Iran Tables New Hormuz Proposal: Reopen Strait in Exchange for U.S. Lifting Naval Blockade, Nuclear Talks Deferred

  • April 29, 2026
  • News

Iran has put forward a new diplomatic proposal to the United States, offering to reopen the Strait of Hormuz and end the war in exchange for the U.S. lifting its naval blockade of Iranian ports — while proposing that nuclear negotiations be deferred to a later phase. The proposal was conveyed through Pakistani mediators and was confirmed by the White House on April 27, 2026.

The plan calls for extending the existing ceasefire so both parties can work toward a permanent end to the fighting, with nuclear talks to begin only after the U.S. blockade is lifted. The Iranian foreign minister Abbas Araghchi had been conducting a series of meetings with mediators in Pakistan, Oman, and Moscow over the weekend prior to the proposal being tabled. On Sunday, Araghchi held talks with Omani officials in Muscat focused specifically on Strait of Hormuz transit arrangements, then returned to Islamabad for a second round of talks.

The Iranian proposal faces a key structural obstacle from Washington’s perspective: lifting the blockade and ending the war would remove President Trump’s primary leverage in any future nuclear negotiations, since the U.S. demands that Iran suspend uranium enrichment for at least a decade and remove its enriched uranium stockpile. Secretary of State Marco Rubio appeared to dampen expectations about any Iranian proposal to clear the strait. The White House stated the U.S. holds the cards and will only make a deal that prevents Iran from having a nuclear weapon.
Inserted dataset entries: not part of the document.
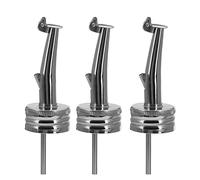 Westmark 3 spirits/oil pourers for bottles with screw thread, diameter 31.5 mm, with cap, with trachea, metal/stainless steel, Inox Gastro, silver, 452522E3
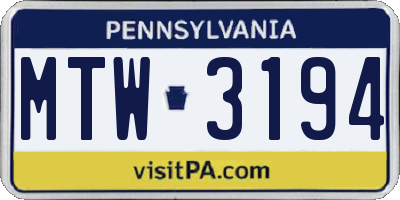 PA license plate MTW3194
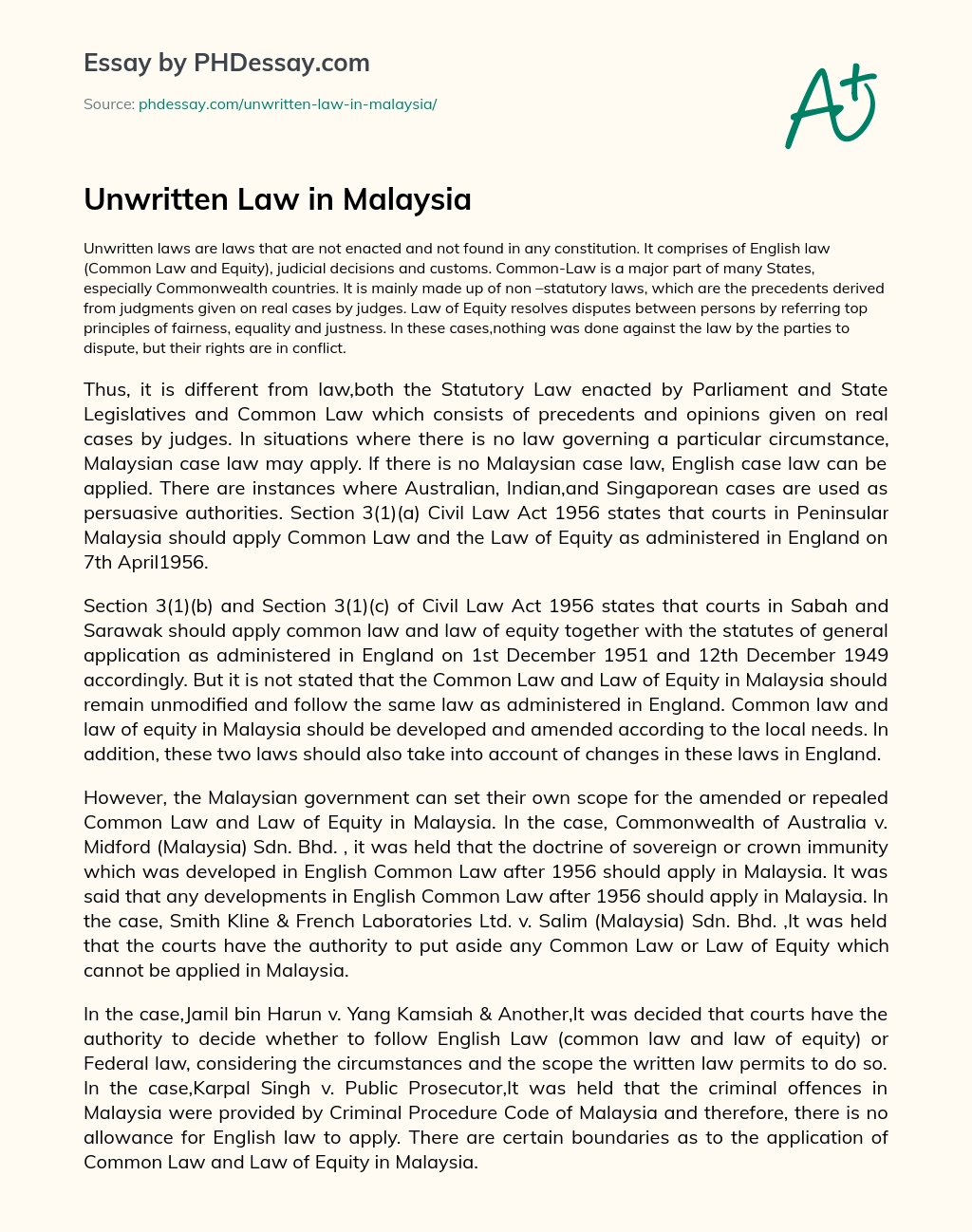 Unwritten Law in Malaysia essay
For the global shipping and energy markets, the stakes of this diplomatic standoff could not be higher. The Strait of Hormuz, in peacetime, carries approximately 20% of the world’s traded oil and gas. The spot price of Brent crude was trading at around $108 per barrel as of April 28, 2026 — nearly 50% higher than when the war began on 28 February. U.S. average gasoline prices stand at $4.11 per gallon as of April 27, up from around $3 per gallon at the start of the war.